I've said this for years and I will keep saying it. If you allow mediocrity, you will get mediocrity. If you wink at shortcuts, shortcuts will define you. Standards are not written in a manual. They are enforced in the moment. It is the late employee you address. It is the sloppy email you send back for correction. It's the corner that almost got cut but did not because you were watching in ems. We don't get to be ninety percent right in the cockpit. You do not get to be
mostly on course. One degree off over time puts you miles from where you intend to land. Standards are daily, not annual. Number three is clarity. Confusion is expensive. If your team does not know what winning looks like, they will invent their own version of it and it will not match yours. Clarity means your expectations are simple, measurable, repeatable. It means you can explain your mission in plain language
without hiding behind corporate bs or corporate buzzwords. If I walk into your organization and ask your team what matters most here, I should hear the same answer five times. Clarity reduces anxiety, It reduces politics, It reduces mistakes. In emergency management, we use checklists for a reason. Under stress, Clarity beats memory. Your organization needs leadership checklists.
Two.
What do we do when revenue dips? What do we do when conflict rises? What do we do when someone violates trust? Clarity is calm in written form. Number four integrity. Integrity is what you do when nobody is filming. It's returning the shopping cart when no one is watching. It's correcting a billing error that favored you. It's having the hard conversation that costs you short term comfort. Your team does not need you to be perfect. They need you to be consistent.

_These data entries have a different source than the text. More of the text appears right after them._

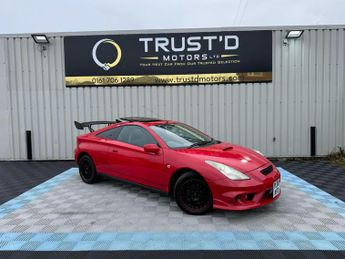 Toyota Celica 1.8 VVT-i 3dr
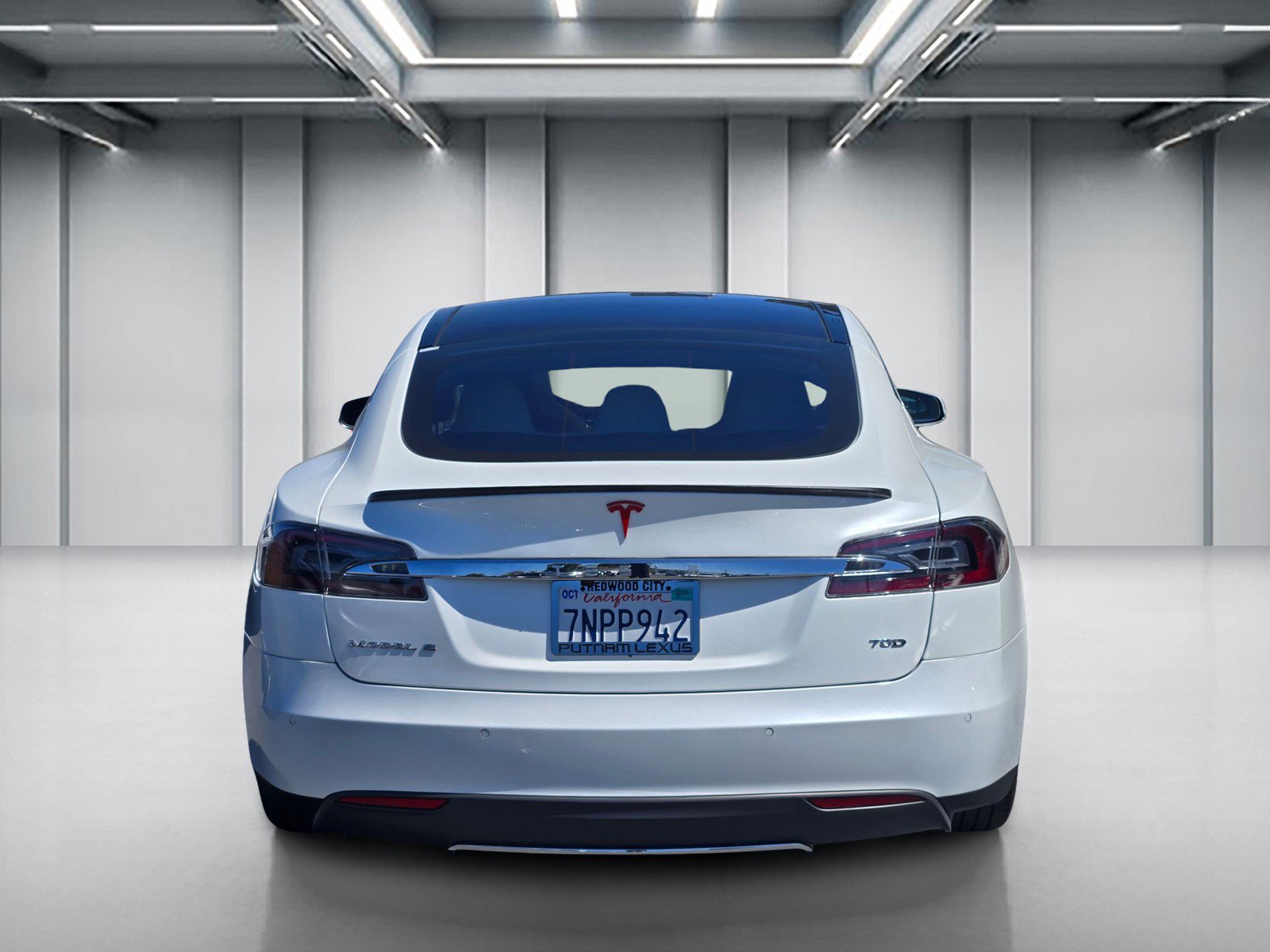 Used 2015 Tesla Model S AWD image 5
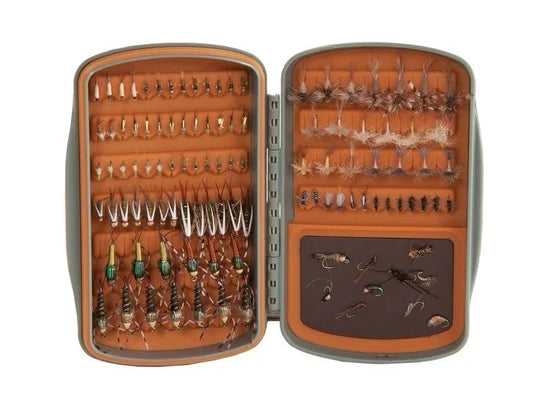 Fishpond Tacky Pescador Fly Box - Small - MagPad - Smoke Grey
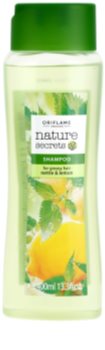 Oriflame Nature Secrets champú para cabello graso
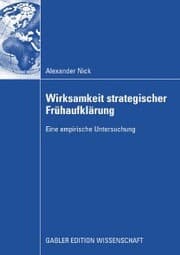 Cover von Wirksamkeit strategischer Frühaufklärung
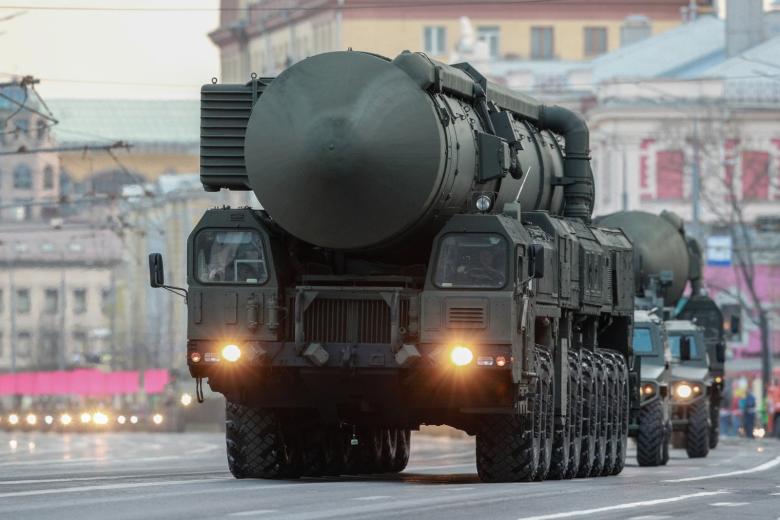 Российский стратегический ракетный комплекс РС-24 «Ярс»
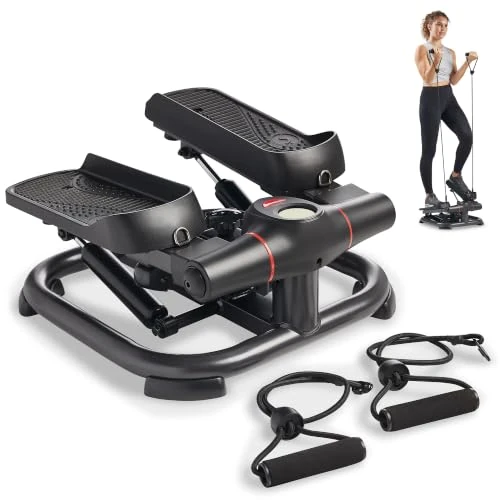 Offre limitée : Sunny Health & Fitness Stepper Puissant Connecté avec Bandes pour Cardio de 118.99 € à 118.99 € (0.00% de remise)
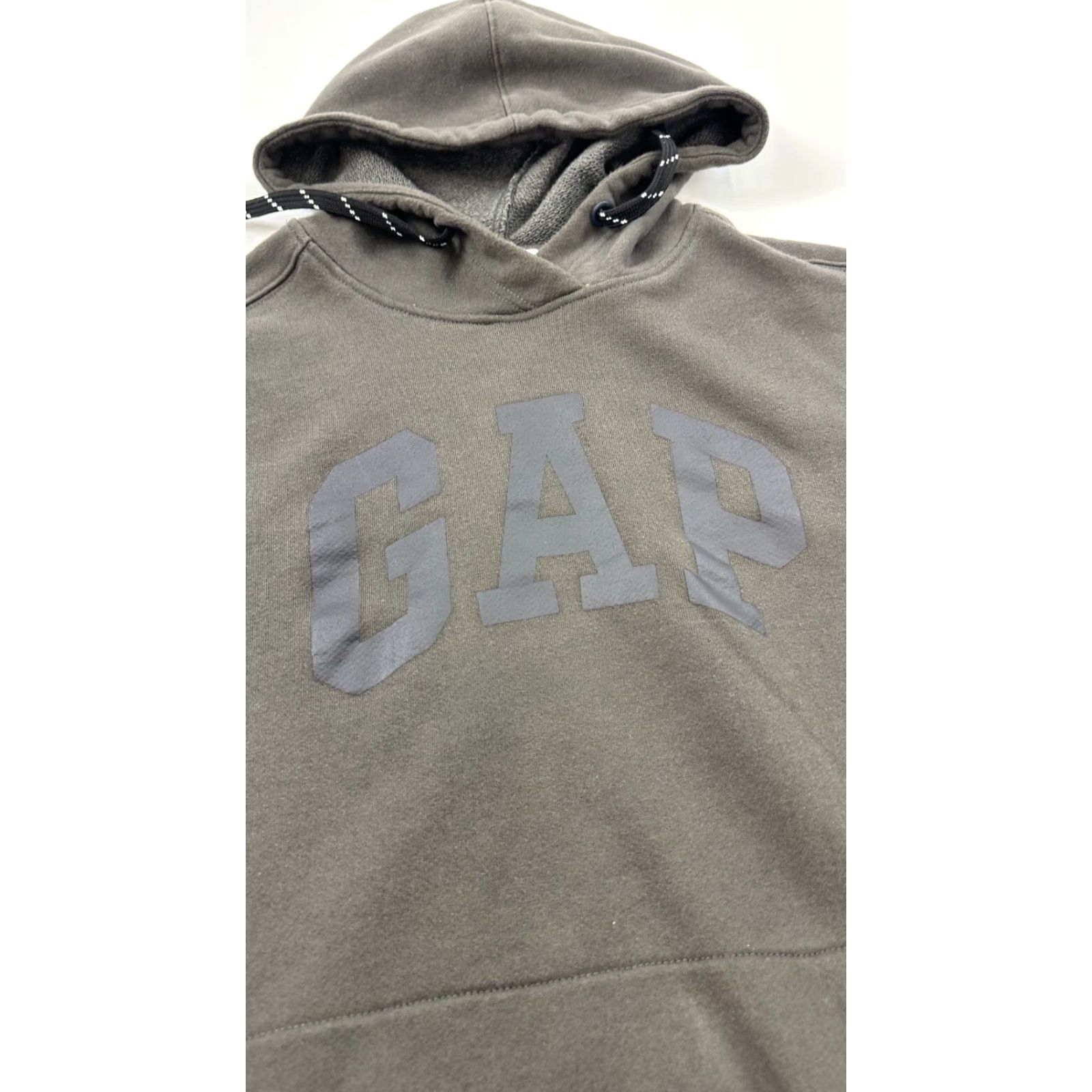 Gap Gap Hoodie Mens Large Green Pullover Regular Fit Hooded Sweatshirt Outdoor Size US L / EU 52-54 / 3 - 2 Thumbnail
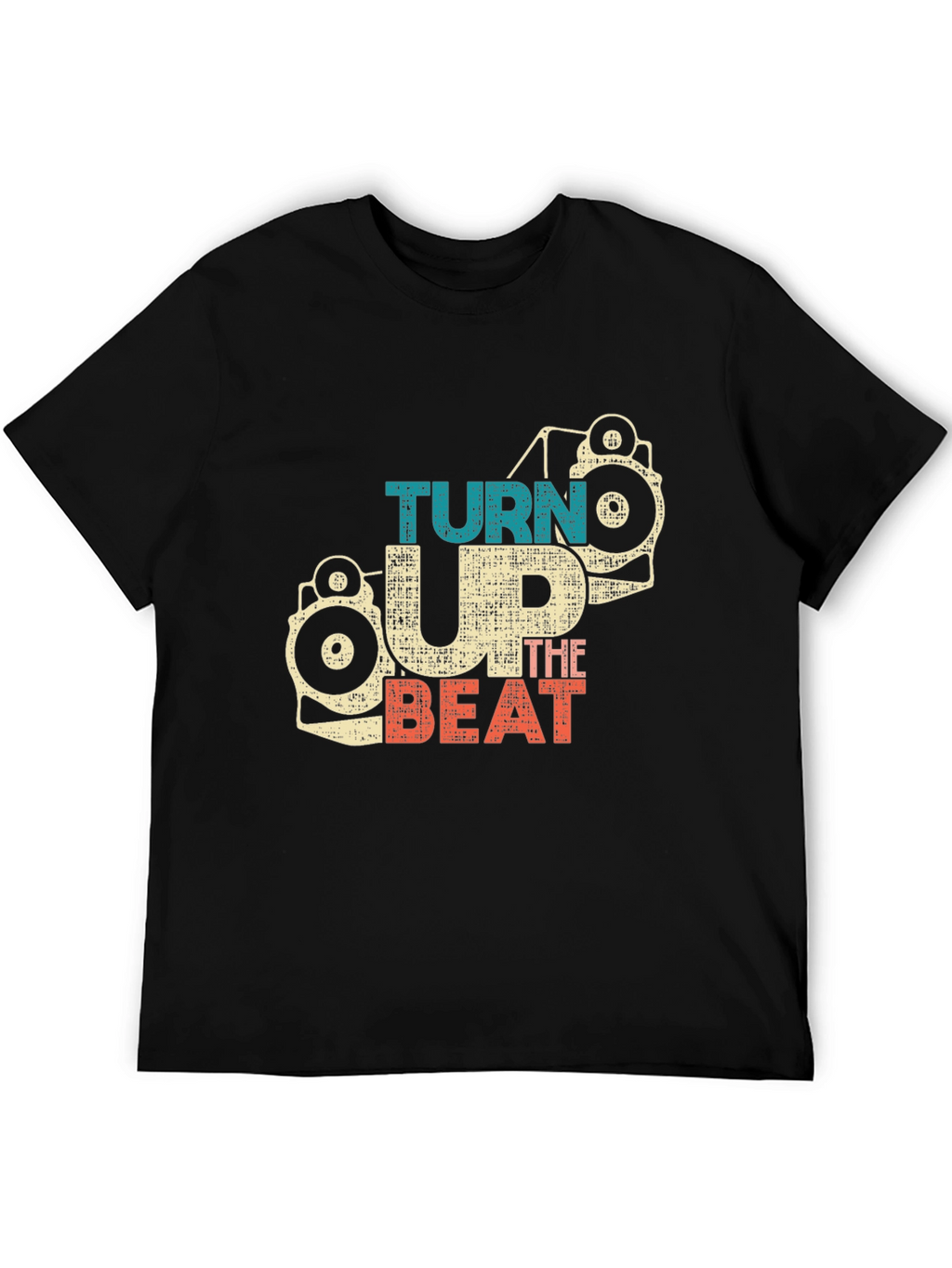 Turn Up the Beat Graphic Tee
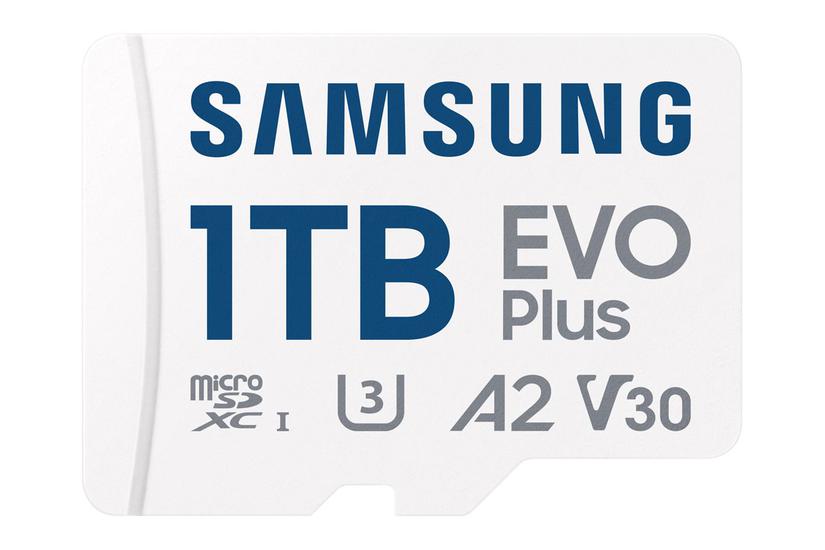 Samsung Evo Plus Mb-mc1t0sa Flashhukommelseskort Tb Microsdxc Uhs-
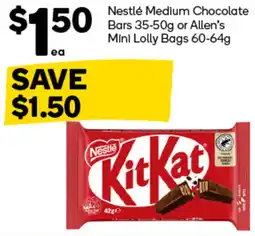 Woolworths KitKat offer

If your value shift based on who
is in the room, your authority evaporates. I've worked disasters where the public was scared, angry, and emotional. In those moments, your tone, your honesty, your transparency matter more than your rank. Integrity builds what I call microsecond trust, that kind that forms instantly because people sense you're real. Lose that and everything else becomes harder. Number five is courage. Leadership without courage is management. Courage is firing the high performer who
poisons the team. Courage is saying no to the board when they want optics over ethics. Courage is stepping into the media spotlight when something went wrong. Courage is also quieter than people think. It's raising your hand and saying I need help. It's admitting you were wrong. It's choosing long term stability over short term applause. In my red key leadership framework, there are moments that define you, high consequence moments, the kind where everyone is watching to see
who you really are. Those are courage checkpoints. You do not rise to the level of your ambition in those moments, you fall to the level of your discipline. So let me recap accountability, standards, clarity, integrity, courage. If you're missing one, your leadership has a leak here is your seven minute drill for today. Write those five down next to each each one, rate yourself from one to ten. Then ask one trusted person to rate you on the same five.
If there's a gap, that gap is your work. Leadership is not built in a seminar. It's built in moments, small corrections, daily discipline. And here's the truth. Your team already knows your non negotiables. The question is whether they're the right ones. So if this episode hit you in the gut a little bit, good, that means you're paying attention. Leadership is not about being liked. It's about being relied upon.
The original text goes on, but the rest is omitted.